“I had no idea how important the role of blood is in performing surgery on such a young child.” —Kelly King, mother of Kendall
Within minutes of Kendall’s birth, she was blue in the face. “That was our first indication that something was wrong,” said Kelly, her mother.
Kendall was rushed by ambulance to Children’s Hospitals in Minneapolis, where she was diagnosed with tetralogy of Fallot with pulmonary atresia—otherwise known as a congenital heart defect.
Kendall’s first heart surgery was rocky. She survived, but “coded” afterward—meaning her heart stopped, and doctors had to reopen her chest to pump her heart by hand. After the surgery, in order to let her heart heal, her chest had to remain open for an entire week. “During that time, we saw how fragile her life was,” said Kelly. “All we could do was pray.” Kendall received several units of blood during her surgery. Seven weeks later, she went home for the first time.
Babies born with congenital heart defects face an uphill battle for their first several years.
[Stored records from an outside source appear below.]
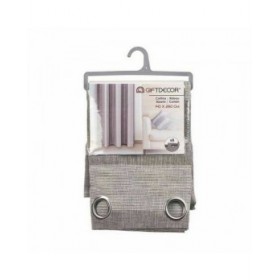 Tenda Bianco Grigio 140 x 0,1 x 260 cm (6 Unità)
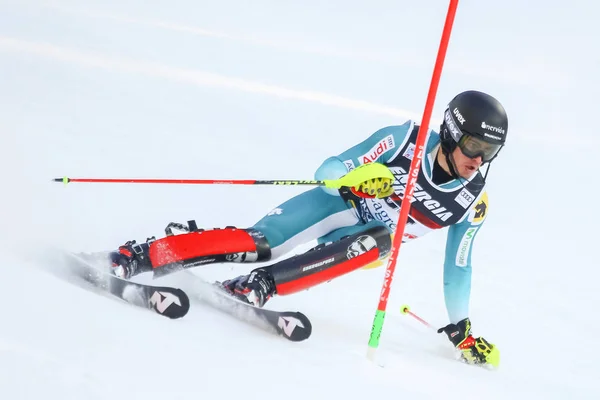 奥迪Fis Ski世界杯2020 — 图库照片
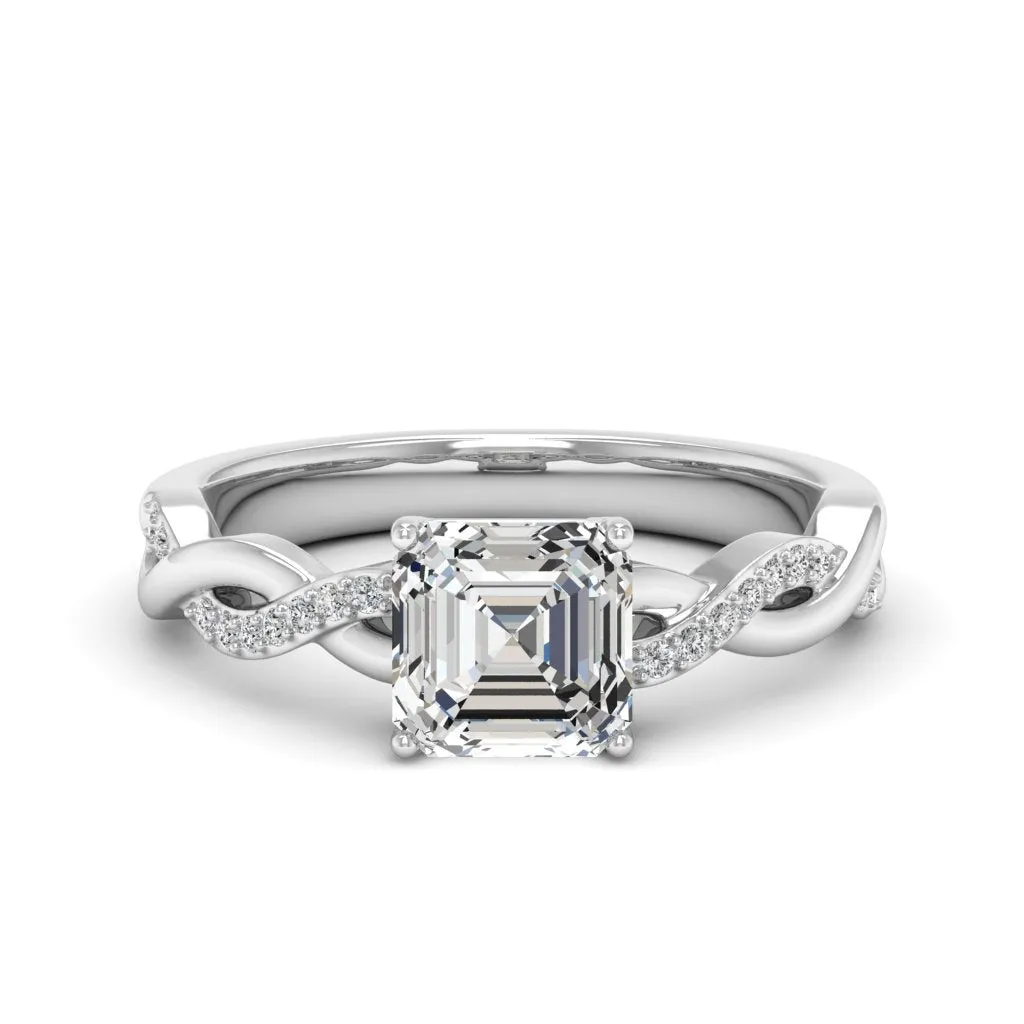 1.24 d.e.w cts Claudia Moissanite Ring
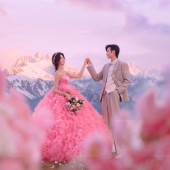 莫奈庄园-日照金山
The conduits that doctors use to replace their pulmonary arteries don’t last, which means that future heart surgeries are guaranteed. To date, Kendall has had 5 surgeries.
“Surgeries two through four were pretty routine—at least, as far as heart surgeries go,” Kelly joked. But her fifth and most recent surgery proved to be a harrowing experience for everyone involved.
In May of 2017, Kendall headed back to Children’s in order to undergo a process that would give her a new pulmonary artery conduit. “We thought she’d have the surgery, be in the hospital for 10 or so days, and head home,” Kelly said. “But as soon as the surgery was done, I could tell something was wrong. This surgery was not like the others.”
Kendall, a vivacious 12-year-old, kept getting sicker and sicker. While still in the hospital, she developed a staph infection throughout her entire body, and was put in a medically induced coma for a total of 60 days. On top of her infection, Kendall was having trouble breathing.
After much deliberation, Kelly, her family, and Kendall’s doctors decided to have a tracheostomy performed, which let Kendall breathe through an opening in her throat. “That was a hard decision to make,” Kelly said. “We had to make the decision to have her trach put in while she was in her coma, so we couldn’t ask her permission or tell her what was happening.”
But the “trach” did the trick. The procedure allowed her doctors to determine what was complicating her recovery. After a second surgery, Kendall was on a slow road to recovery.
“She was such a trooper,” Kelly said. “She didn’t complain once.”
During each of her surgeries, Kendall received life-saving blood that allowed doctors to perform the procedures that help Kendall face each new day with energy and love. “I had no idea how important the role of blood is in performing surgery on such a young child,” said Kelly. Kendall will continue to need surgery as she grows older, but the help she’s had from her community, her family, and the medical professionals at nearby hospitals give her a significant leg up on her hurdles.
“Our experience has shown us what’s really important,” Kelly said. “People get stressed out about such small things—I feel empowered by our journey, and I want to share what we’ve found. I feel positivity and joy every day.”
Memorial Blood Centers is a proud provider of life-saving blood to Children’s Hospitals of St. Paul and Minneapolis, as well as more than 30 hospitals and 14 air ambulances across Minnesota and western Wisconsin.